There is a feature I really like in Apache Spark. **Spark can process data out of memory in my local machine even without a cluster.** Good news for those who process data sets bigger than the memory size that currently have. From time to time, I have this issue when I work with hypothesis testing.

**For hypothesis testing I usually use statistical bootstrapping techniques. This method does not require any statistical knowledge and is very easy to understand.** Also, this method is very simple to implement. There are no normal distributions and student distributions from your statistical courses, only some basic coding skills. Good news for those who doesn’t like statistics. Spark and bootstrapping is a very powerful combination which can help you check hypotheses in a large scale.

The most common application with bootstrapping is calculating confidence intervals and you can use these confidence intervals as a part of the hypotheses checking process. There is a very simple idea behind bootstrapping – sample your data set size N for hundreds or even thousands times with the replacement (this is important) and calculate the estimated metrics for each of the hundreds\thousands subset. This process gives you a histogram which is an **actual distribution for your data**. Then, you can use this actual distribution for hypothesis testing.

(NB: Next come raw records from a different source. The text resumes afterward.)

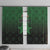 Kenya Football Window Curtain Go Harambee Stars - Green Jersey - Wonder Print Shop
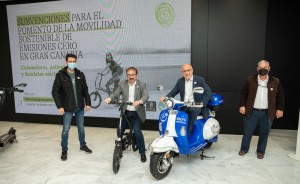 El Cabildo paga ms de 243.000 euros en ayudas al autoconsumo y la movilidad elctrica personal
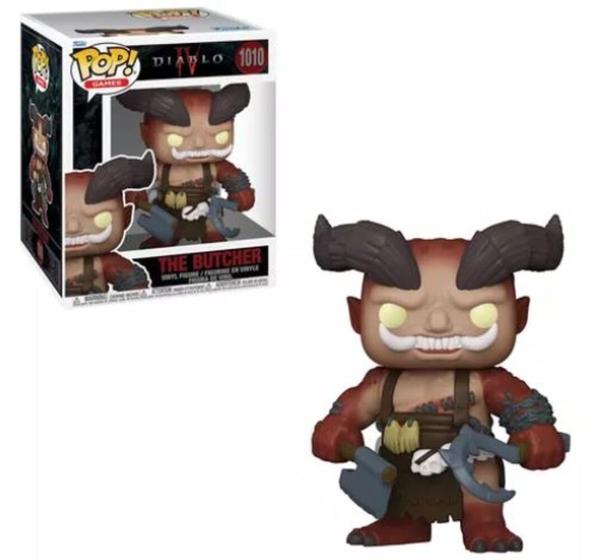 Imagem de Funko Pop Diablo 1010 - The Butcher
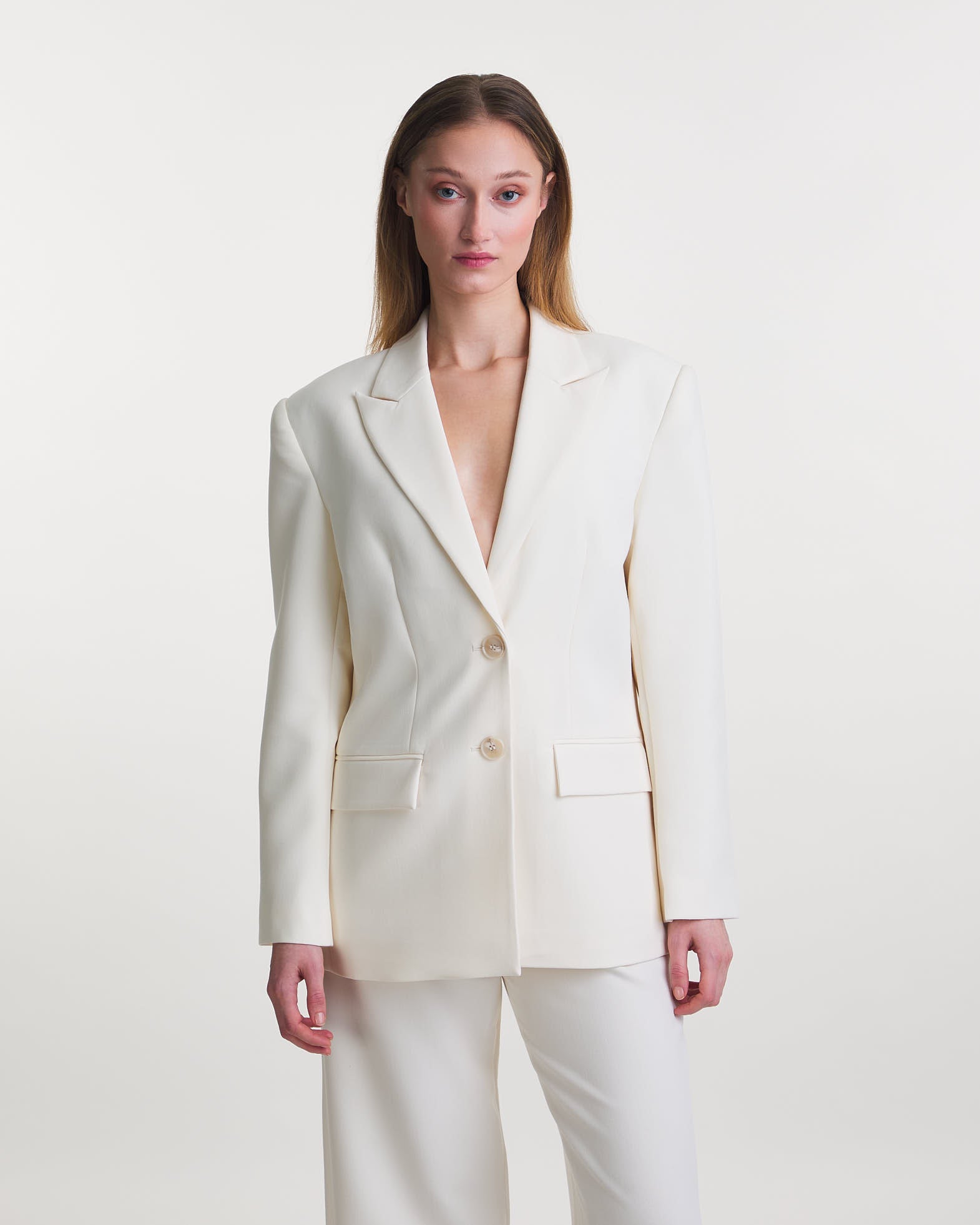 Wakakuu Icons Blazer Hazel Cream von Wakakuu Icons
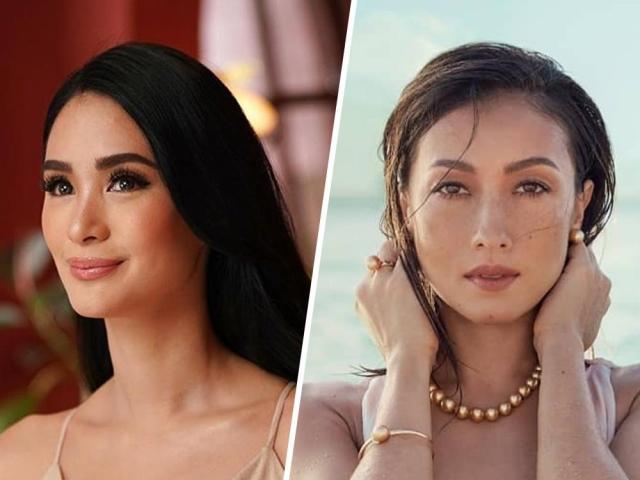 Heart Evangelista at Solenn Heussaff Women of Influence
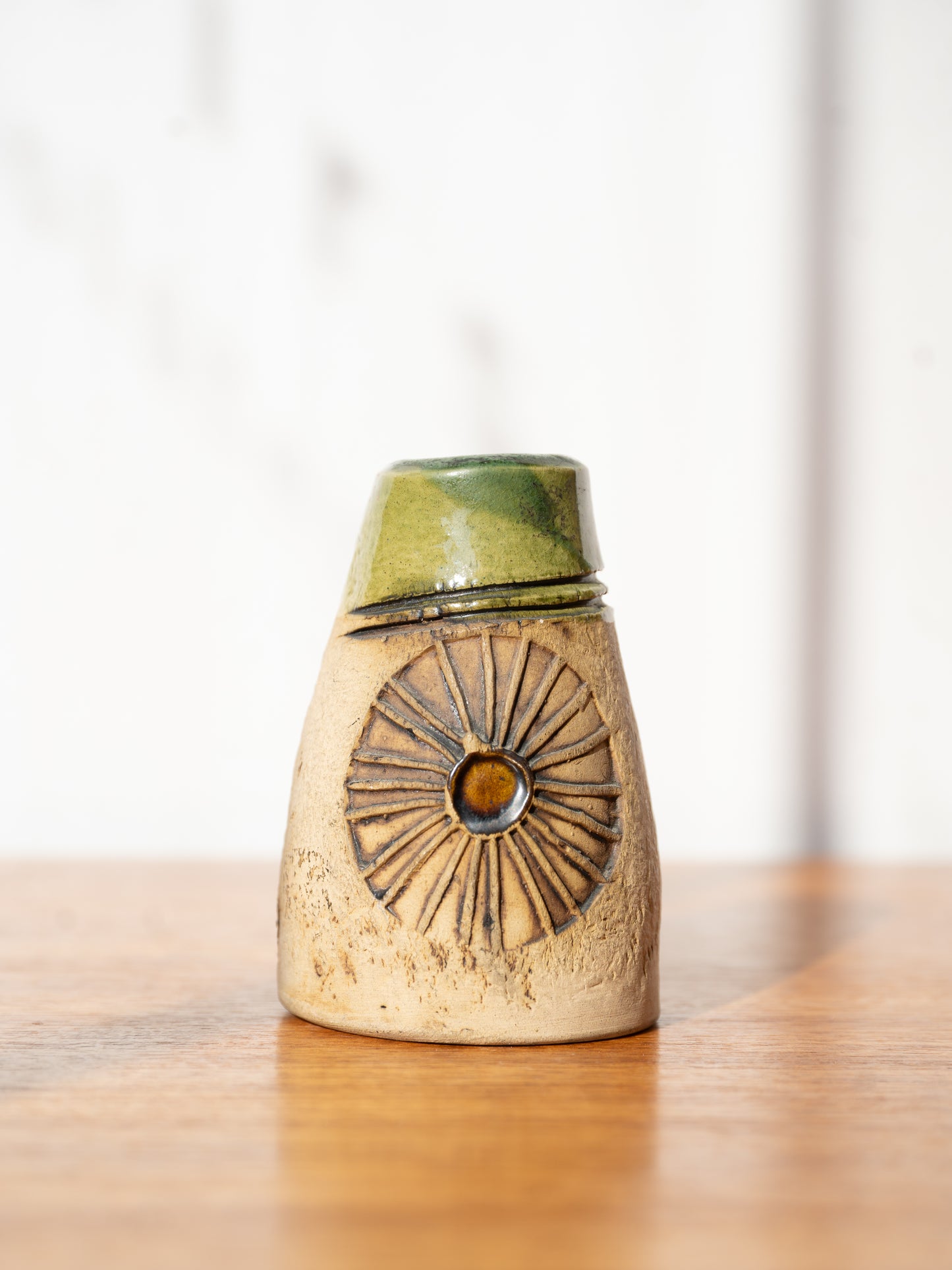 Bob Dawe Studio Volcano Vase, (1960s) UK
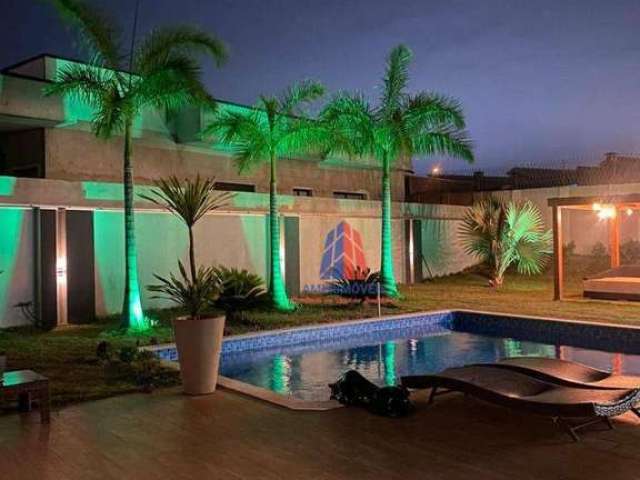 Casa com 3 dormitórios, 491 m² - venda por R$ 4.200.000,00 ou aluguel por R$ 15.089,00/mês - Estância Hípica - Nova Odessa/SP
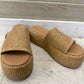 US Shoe Size 10 Tan Womens Sandals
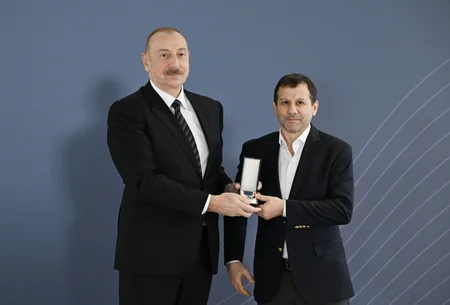 Prezident İlham Əliyev 2024-cü ilin idman yekunlarına həsr olunan mərasimdə iştirak edib - YENİLƏNİB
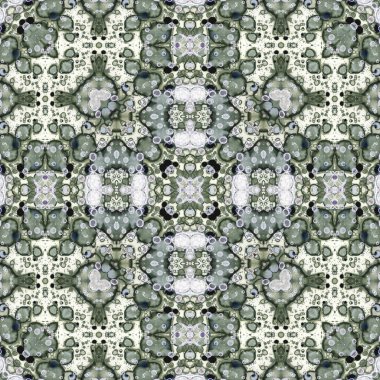 Kusursuz soyut kare deseni. Sanat eseri. Yaratıcı kare arka plan. sonsuz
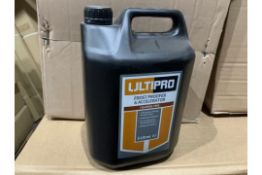 40 X NEW 5L TUBS OF ULTIPRO FROST PROOFER & ACCELERATOR - CHLORIDE FREE. RRP £12 EACH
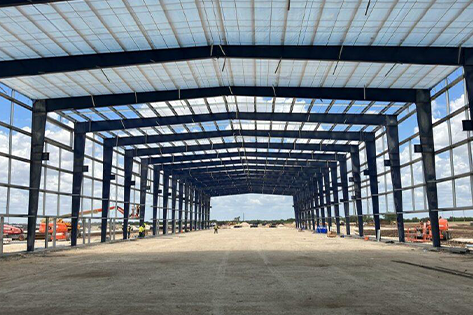 Pre engineered Buildings 3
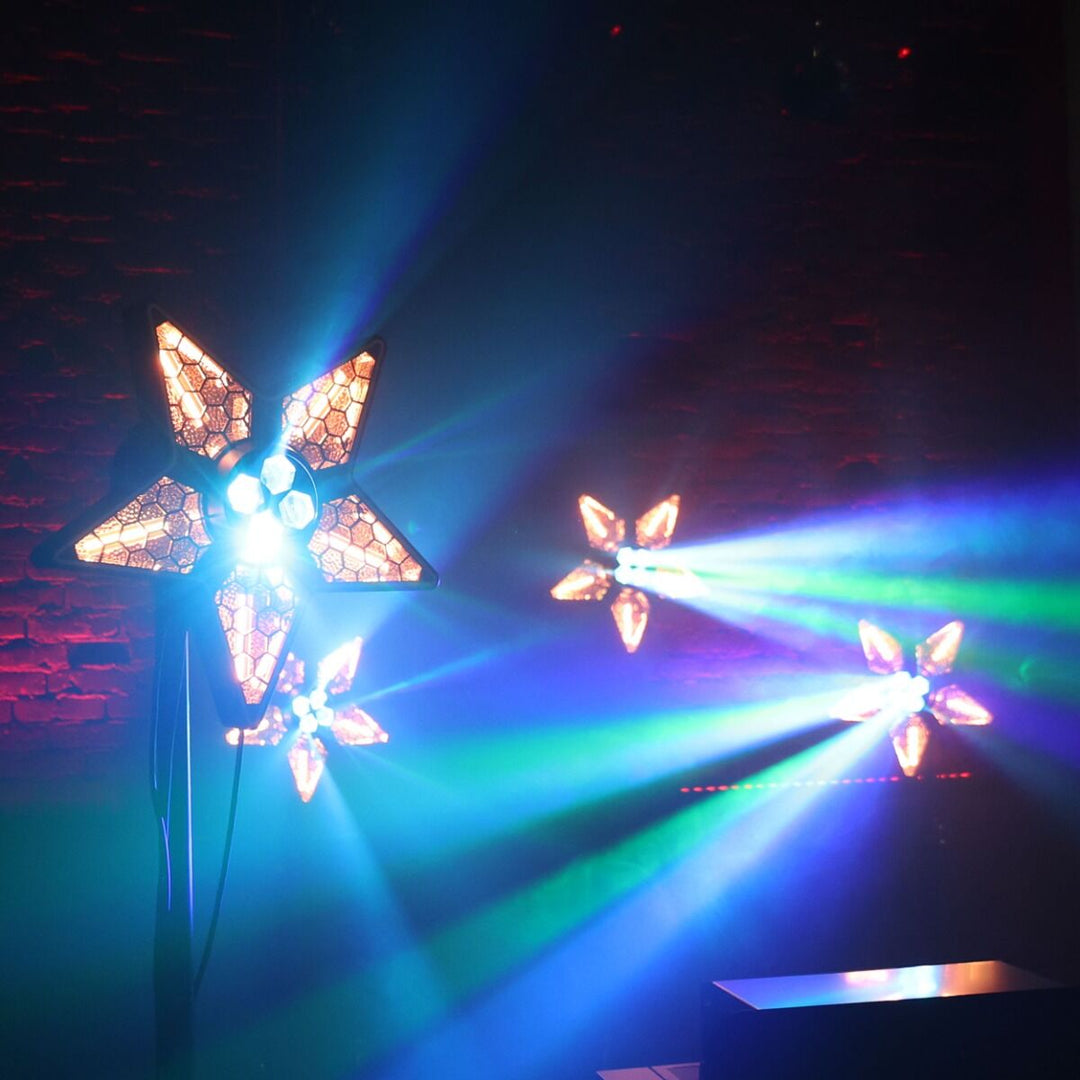 LIGHT4ME STARLIGHT illuminazione scenica multi-effetto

The beauty of this method is the actual distribution histogram. In a classical statistical approach, you need to approximate a distribution of your data by normal distribution and calculate z-scores or student-scores based on theoretical distributions. With the actual distribution from the first step it is easy to calculate 2.5% percentile and 97.5% percentiles and this would be your actual confidence interval. That’s it! **Confident interval with almost no math.**

Choosing right hypotheses is only the tricky part in this analytical process. This is a question you ask the data and you cannot automate that. Hypotheses testing is a part of the analytical process and isn’t usual for machine learning experts. **In machine learning you ask an algorithm to build a model\structure which is sometimes called hypothesis and you are looking for the best hypotheses which correlates your data and labels.**

**In the analytics process, knowing the correlation is not enough**, you should know the hypothesis from the get-go and the question is – if the hypothesis is correct and what is your level of confidence.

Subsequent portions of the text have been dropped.